Senin, 04 Maret 2013

Pertumbuhan Semu


Pertumbuhan Semu
Pande Radja Silalahi ;  Ekonom CSIS
SUARA KARYA, 04 Maret 2013


Tahun 2012 secara riil ekonomi Indonesia tumbuh sekitar 6,23 persen. Meskipun raihan ini di bawah target, namun bila dibandingkan dengan negara-negara lain, pertumbuhan ini relatif tinggi. Pertanyaannya, mengapa masyarakat tetap merasa tidak puas dan beranggapan pemerintah belum melaksanakan tugasnya dengan baik? Memasuki tahun politik 2013 ini, jawaban atas pertanyaan itu perlu dicari dan seyogianya ditemukan.

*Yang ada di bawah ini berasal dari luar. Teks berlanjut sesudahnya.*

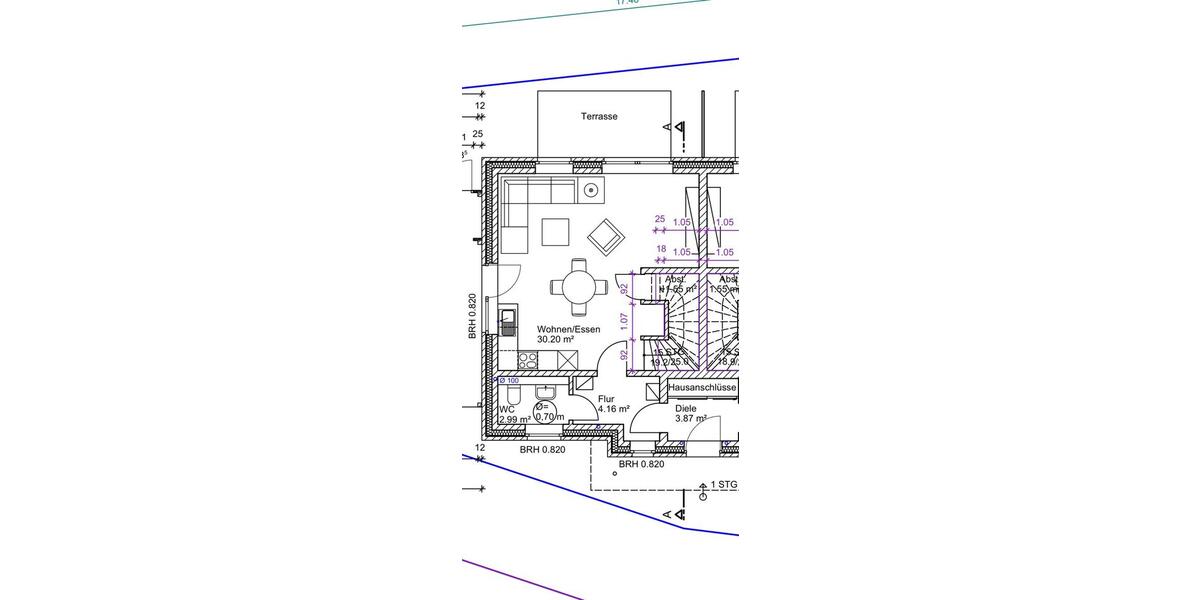 Doppelhaushälfte Berge - 3 Zimmer, 100 m&sup2;, 1.250&euro; | Angebot:25173004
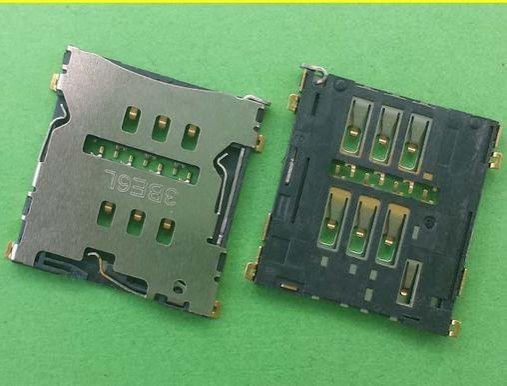 FOR HTC x902e sim卡座 Butterfly 蝴蝶 手機 卡槽 卡倉 主機板電話卡座 W77 [282196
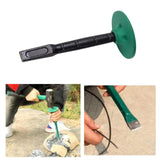 Maxbell Masonry Chisel with Hand Protection Concrete Multifunctional Concrete Chisel Length 15.5cm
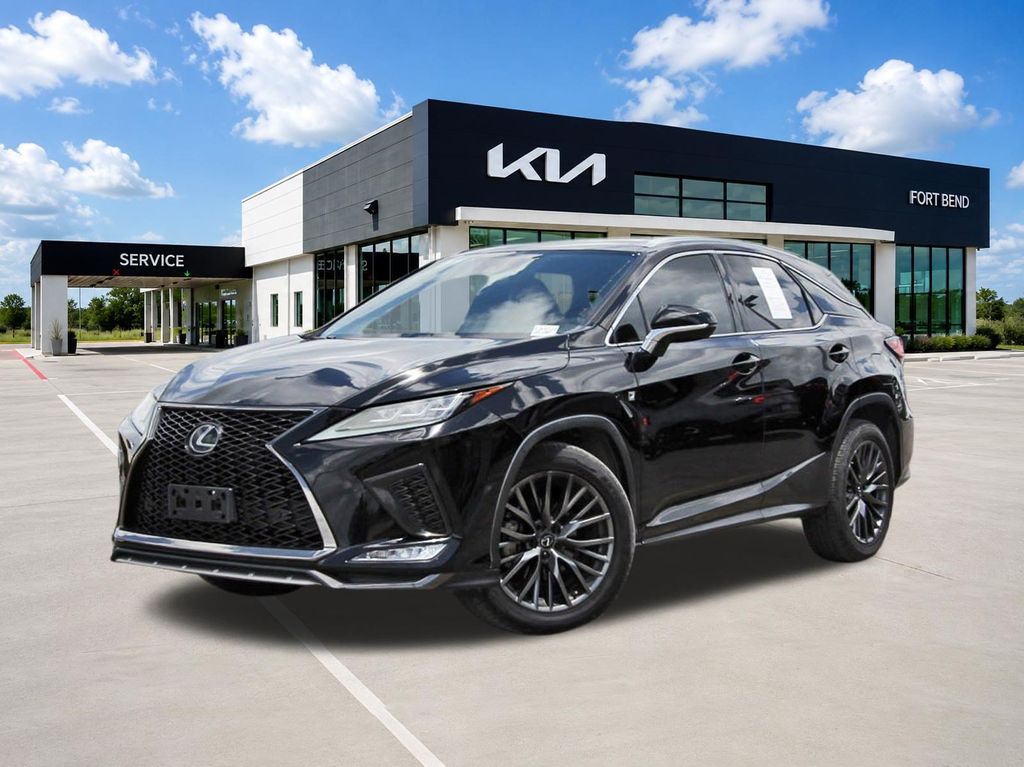 2020 Lexus RX 350 F Sport Black at Westside Lexus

Tidak dapat dipungkiri, selama pemerintahan SBY, pertumbuhan ekonomi Indonesia relatif tinggi, mencapai sekitar 5,9 persen secara rata-rata setiap tahun selama periode 2004-2012. Namun, bila ditelaah lebih jauh ternyata perolehan pendapatan menjadi semakin pincang.

Bila tahun 2004 lalu, 40 persen penduduk dengan pendapatan terendah menerima sekitar 20,80 persen dari seluruh pendapatan; maka pada Maret 2012, kelompok masyarakat tersebut hanya menerima 16,98 persen dari seluruh pendapatan. Di sisi lain, 20 persen penduduk dengan pendapatan tertinggi memperoleh 42,07 persen dari seluruh pendapatan tahun 2004, pada Maret 2012 saham mereka telah mencapai 48,61 persen. Dengan perkembangan ini Gini Ratio Indonesia meningkat dari 0,32 tahun 2004 menjadi 0,41 pada 2012, suatu angka tertinggi dalam sejarah Indonesia.
Benar, jumlah penduduk miskin dapat ditekan dari 36,10 juta orang (16,66 persen dari jumlah penduduk) tahun 2004 menjadi sekitar 28,59 juta orang (11,66 persen dari jumlah penduduk) pada 2012. Namun, pengurangan penduduk miskin tampaknya tidak berarti banyak karena kepincangan semakin menganga.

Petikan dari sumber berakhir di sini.